Conspiracy theorists unaware their beliefs are on the fringe

Overconfidence is a hallmark trait of people who believe in conspiracies, and they also significantly overestimate how much others agree with them, Cornell psychology researchers have found. The study indicates that belief in conspiracies may be less about a person’s needs and motivations and more about their failure to recognize that they might be wrong.

Conspiracy believers not only consistently overestimated their performance on numeracy and perception tests, revealing they tend to be less analytic in the way they think. They also are genuinely unaware that their beliefs are on the fringe, thinking themselves to be in the majority 93% of the time, according to the research. The work counters previous theories that people believe conspiracies essentially because they want to, out of narcissism or to appear unique.

“This group of people are really miscalibrated from reality,” said Gordon Pennycook, associate professor of psychology and the Himan Brown Faculty Fellow in the College of Arts and Sciences. “In many cases, they believe something that very few people agree with.

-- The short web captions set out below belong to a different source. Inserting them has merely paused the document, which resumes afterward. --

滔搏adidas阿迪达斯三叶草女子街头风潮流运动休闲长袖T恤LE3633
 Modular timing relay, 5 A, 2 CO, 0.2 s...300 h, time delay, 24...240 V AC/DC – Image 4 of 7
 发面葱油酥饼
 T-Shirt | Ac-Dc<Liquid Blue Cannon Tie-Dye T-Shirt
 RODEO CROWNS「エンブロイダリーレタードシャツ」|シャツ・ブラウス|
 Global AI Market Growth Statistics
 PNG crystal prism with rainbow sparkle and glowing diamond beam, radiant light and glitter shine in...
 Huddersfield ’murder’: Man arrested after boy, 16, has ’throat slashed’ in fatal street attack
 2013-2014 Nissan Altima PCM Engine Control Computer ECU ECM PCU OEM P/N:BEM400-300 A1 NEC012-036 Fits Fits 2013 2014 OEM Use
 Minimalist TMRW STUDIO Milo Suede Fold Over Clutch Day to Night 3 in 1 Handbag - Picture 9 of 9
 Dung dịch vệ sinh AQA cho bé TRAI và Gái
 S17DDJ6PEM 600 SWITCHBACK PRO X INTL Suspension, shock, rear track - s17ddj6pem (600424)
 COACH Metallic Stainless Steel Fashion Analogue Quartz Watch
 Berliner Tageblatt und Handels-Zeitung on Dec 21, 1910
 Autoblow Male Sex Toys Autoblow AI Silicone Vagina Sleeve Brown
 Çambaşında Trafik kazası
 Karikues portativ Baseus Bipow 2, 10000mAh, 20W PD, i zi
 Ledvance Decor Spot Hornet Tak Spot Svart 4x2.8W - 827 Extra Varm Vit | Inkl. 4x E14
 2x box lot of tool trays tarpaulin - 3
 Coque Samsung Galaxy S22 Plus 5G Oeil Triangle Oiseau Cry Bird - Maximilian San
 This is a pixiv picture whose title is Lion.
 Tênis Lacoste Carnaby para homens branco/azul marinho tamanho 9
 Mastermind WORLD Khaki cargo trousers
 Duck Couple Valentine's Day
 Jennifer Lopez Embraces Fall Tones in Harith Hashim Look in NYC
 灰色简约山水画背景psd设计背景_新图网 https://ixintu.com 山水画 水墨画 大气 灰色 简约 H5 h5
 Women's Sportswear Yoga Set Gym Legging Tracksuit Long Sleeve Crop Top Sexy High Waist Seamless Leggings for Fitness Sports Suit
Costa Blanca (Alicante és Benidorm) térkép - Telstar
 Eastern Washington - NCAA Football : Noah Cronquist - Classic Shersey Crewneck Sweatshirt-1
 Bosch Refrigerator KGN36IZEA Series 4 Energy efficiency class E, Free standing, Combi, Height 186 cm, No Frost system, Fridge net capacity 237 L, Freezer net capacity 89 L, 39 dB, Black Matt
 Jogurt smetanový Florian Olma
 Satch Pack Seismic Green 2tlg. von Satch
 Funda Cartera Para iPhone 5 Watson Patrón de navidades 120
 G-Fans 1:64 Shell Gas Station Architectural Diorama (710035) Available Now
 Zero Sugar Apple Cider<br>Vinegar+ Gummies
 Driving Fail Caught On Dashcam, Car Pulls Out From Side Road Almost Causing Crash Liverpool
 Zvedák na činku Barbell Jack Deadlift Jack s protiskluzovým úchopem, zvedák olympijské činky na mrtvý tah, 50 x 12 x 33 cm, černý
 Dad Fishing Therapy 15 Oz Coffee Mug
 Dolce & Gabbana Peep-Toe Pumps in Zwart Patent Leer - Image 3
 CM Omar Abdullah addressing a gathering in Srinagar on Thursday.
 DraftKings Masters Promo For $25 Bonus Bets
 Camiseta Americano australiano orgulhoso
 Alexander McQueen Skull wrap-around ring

Not only is it something that doesn’t make a lot of sense, based on what we know about the world, but they also have no idea how far out in the fringe they are. They think they are in the majority in most cases, even if they’re in a tiny minority.”

Pennycook is the corresponding author of “Overconfidently Conspiratorial: Conspiracy Believers are Dispositionally Overconfident and Massively Overestimate How Much Others Agree with Them,” which was published May 24 in Personality and Social Psychology BulletinJabin Binnendyk, a doctoral student in psychology, and David G. Rand of the Massachusetts Institute of Technology are co-authors.

Rand and Pennycook started this research in 2018, observing that people who believe conspiracies seem to have a real faith in their own cognitive abilities, “which is paradoxical,” Pennycook said, “because prior work has shown that people who believe in conspiracies tend to be more intuitive.”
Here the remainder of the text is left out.